Exercise requirements →
State how many lines of the entries hold the string "from". Reply with the number alone.

-- Raw data follows --

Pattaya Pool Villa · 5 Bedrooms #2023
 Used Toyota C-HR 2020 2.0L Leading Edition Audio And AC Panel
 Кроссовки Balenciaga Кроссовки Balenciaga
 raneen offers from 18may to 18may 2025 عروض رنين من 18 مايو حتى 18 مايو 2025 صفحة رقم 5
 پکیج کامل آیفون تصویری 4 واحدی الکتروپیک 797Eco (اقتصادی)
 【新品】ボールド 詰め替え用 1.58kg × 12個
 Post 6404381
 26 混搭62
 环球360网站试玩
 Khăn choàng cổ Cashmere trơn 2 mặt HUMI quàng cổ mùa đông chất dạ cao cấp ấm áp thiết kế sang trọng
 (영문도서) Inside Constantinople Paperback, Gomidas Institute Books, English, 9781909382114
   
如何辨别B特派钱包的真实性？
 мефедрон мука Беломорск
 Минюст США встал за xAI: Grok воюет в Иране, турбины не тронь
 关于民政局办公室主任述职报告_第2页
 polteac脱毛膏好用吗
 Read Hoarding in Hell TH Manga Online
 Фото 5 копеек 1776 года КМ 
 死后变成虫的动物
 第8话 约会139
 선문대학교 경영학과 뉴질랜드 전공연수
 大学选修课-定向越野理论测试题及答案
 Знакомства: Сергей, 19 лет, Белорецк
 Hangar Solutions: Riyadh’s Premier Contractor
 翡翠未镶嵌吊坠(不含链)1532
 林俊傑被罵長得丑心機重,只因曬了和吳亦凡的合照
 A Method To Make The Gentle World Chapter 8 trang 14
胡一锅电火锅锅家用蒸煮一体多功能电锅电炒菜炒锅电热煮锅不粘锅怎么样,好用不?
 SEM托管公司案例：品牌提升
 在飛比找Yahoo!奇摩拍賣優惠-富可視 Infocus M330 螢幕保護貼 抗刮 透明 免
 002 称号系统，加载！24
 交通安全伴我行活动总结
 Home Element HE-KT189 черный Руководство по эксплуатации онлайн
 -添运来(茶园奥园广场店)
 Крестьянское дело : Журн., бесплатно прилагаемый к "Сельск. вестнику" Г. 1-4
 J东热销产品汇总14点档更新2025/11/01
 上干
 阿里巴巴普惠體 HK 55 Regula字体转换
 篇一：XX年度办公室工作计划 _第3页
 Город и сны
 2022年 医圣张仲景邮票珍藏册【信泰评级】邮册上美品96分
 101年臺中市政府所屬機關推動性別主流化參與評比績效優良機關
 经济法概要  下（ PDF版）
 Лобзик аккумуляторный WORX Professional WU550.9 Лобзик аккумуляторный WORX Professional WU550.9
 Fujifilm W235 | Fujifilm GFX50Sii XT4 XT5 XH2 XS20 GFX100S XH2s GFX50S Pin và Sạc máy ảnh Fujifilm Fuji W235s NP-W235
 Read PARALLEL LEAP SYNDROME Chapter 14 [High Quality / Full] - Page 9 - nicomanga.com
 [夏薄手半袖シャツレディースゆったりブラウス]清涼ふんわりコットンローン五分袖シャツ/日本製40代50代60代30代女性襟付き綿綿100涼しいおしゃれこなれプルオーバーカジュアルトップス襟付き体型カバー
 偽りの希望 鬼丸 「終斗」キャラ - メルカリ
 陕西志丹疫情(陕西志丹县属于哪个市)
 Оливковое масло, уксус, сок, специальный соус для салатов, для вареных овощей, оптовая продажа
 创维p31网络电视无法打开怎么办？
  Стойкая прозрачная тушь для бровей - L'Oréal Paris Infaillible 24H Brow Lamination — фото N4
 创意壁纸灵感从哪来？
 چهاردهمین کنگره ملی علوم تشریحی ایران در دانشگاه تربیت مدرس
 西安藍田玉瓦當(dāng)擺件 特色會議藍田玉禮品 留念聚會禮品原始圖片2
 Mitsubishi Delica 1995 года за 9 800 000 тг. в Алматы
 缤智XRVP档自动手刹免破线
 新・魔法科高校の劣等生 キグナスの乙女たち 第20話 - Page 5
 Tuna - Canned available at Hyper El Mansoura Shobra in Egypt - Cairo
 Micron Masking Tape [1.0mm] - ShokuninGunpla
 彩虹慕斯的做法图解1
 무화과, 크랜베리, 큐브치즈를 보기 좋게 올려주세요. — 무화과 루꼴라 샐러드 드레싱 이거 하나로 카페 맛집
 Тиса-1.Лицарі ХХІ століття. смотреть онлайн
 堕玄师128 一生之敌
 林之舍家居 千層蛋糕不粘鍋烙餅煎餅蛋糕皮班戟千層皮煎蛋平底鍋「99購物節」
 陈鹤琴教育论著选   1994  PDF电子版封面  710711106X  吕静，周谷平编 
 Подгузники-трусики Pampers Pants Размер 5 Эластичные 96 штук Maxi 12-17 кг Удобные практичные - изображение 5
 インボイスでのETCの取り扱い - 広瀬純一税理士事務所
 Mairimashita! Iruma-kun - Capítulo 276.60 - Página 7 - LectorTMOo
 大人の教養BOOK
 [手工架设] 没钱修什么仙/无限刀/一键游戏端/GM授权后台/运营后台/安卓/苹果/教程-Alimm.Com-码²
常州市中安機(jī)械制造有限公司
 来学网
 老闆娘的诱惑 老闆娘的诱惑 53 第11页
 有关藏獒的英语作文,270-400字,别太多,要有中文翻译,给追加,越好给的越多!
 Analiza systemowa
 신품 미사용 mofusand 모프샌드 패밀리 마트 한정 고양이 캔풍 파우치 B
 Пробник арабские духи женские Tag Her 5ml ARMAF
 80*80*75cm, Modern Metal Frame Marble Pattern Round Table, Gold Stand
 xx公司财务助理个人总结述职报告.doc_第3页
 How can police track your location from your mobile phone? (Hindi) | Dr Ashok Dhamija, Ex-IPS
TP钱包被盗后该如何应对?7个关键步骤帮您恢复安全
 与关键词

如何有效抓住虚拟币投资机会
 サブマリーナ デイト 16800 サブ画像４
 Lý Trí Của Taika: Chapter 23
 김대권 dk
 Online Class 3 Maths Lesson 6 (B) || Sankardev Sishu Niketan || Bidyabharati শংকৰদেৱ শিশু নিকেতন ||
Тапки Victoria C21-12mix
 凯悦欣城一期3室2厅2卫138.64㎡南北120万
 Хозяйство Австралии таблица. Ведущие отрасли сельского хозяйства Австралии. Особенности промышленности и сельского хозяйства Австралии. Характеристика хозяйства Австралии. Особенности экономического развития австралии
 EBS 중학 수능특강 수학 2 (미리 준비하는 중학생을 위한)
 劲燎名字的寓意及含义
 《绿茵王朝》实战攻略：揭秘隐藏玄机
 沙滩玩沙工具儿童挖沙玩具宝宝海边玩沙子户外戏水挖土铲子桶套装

-- Raw data concluded --

Answer to this problem →
2